Not too long ago, CNN labeled Warren “America’s Pastor,” so this, coupled with his friendship with Obama, made it fairly likely that he’d be considered for a Billy-Graham-like role at the inauguration.
So why is it disappointing? Because, while Warren is certainly more tolerant of discussion than activist leaders like Dobson and Robertson, his beliefs run counter to Obama’s on most of the major social issues of the day. Warren is opposed, on religious grounds, to abortion rights, gay rights, stem-cell research, and euthanasia.

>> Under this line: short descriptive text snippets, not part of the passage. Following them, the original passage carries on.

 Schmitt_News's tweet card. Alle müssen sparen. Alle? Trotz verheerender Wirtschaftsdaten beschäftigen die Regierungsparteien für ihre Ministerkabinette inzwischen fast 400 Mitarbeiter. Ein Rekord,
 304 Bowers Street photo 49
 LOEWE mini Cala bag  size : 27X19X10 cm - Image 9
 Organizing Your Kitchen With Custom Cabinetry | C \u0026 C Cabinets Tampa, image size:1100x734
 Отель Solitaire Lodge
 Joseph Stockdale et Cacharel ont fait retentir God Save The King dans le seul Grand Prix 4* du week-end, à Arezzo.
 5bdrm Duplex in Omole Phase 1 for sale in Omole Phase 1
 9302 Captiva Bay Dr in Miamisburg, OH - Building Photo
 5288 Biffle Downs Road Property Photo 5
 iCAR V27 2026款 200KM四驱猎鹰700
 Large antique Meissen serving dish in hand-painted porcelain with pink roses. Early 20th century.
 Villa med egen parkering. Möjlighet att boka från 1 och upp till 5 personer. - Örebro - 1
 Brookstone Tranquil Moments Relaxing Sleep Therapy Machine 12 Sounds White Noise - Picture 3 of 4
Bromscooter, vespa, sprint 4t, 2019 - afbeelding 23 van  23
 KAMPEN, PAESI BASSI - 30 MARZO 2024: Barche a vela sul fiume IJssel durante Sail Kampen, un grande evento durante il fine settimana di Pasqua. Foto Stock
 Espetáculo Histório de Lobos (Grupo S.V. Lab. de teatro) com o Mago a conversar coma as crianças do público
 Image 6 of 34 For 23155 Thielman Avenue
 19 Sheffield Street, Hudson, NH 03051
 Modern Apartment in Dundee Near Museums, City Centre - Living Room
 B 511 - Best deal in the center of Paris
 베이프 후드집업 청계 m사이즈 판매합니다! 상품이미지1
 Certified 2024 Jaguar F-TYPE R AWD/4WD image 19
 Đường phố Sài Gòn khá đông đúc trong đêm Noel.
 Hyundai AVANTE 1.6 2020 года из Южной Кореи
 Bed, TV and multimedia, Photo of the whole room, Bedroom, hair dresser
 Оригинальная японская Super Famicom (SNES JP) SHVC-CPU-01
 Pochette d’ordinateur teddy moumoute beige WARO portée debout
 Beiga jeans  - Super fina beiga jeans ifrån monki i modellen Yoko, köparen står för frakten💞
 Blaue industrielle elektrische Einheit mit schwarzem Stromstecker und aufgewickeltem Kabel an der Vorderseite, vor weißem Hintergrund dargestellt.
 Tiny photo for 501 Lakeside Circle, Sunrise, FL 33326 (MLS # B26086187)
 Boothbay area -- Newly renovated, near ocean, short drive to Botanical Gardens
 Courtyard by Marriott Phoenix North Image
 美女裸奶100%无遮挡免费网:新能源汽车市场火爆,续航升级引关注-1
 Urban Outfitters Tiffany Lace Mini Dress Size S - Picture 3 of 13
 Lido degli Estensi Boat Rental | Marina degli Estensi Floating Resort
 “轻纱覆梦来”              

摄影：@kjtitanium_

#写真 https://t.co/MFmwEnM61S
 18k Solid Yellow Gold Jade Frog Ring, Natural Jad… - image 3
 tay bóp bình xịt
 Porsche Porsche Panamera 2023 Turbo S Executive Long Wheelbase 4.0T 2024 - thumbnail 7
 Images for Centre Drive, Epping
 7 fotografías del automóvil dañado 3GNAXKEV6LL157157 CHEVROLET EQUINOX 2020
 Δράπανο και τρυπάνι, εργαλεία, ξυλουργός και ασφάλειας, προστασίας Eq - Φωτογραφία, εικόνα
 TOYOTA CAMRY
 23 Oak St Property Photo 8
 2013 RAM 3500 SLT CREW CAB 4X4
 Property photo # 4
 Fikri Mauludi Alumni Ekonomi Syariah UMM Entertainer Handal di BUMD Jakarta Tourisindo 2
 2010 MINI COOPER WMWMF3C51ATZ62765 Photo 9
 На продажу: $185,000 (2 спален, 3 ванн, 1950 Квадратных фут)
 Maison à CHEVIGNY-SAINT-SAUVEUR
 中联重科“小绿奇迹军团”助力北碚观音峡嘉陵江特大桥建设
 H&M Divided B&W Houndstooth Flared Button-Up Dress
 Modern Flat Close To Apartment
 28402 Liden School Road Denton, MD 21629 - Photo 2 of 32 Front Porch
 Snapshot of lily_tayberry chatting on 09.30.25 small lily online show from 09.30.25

In 2004, he described these issues as “nonnegotiable” and “not even debatable.”
What’s more, just this month, Warren supported* Prop. 8 in California for absurd reasons, and offered an incoherent theological rationale to Sean Hannity’s assertion that the United States needs to “take out” Iranian President Mahmoud Ahmadinejad.
He is, in other words, hardly the ideal choice for the invocation.
I wouldn’t read too much into it — this is hardly evidence that Obama is going to be more conservative on social issues, for example — but it’s a genuine shame Obama didn’t call on a more progressive religious voice for the event.
Update: A reader reminds me that Warren was a featured guest at the Clinton Global Initiative, which I’d forgotten about. It reinforces, I suppose, the notion that Warren is positioned as some kind of go-to pastor for major political events. Still, there are a lot of progressive pastors out there, and Obama could have picked one of them.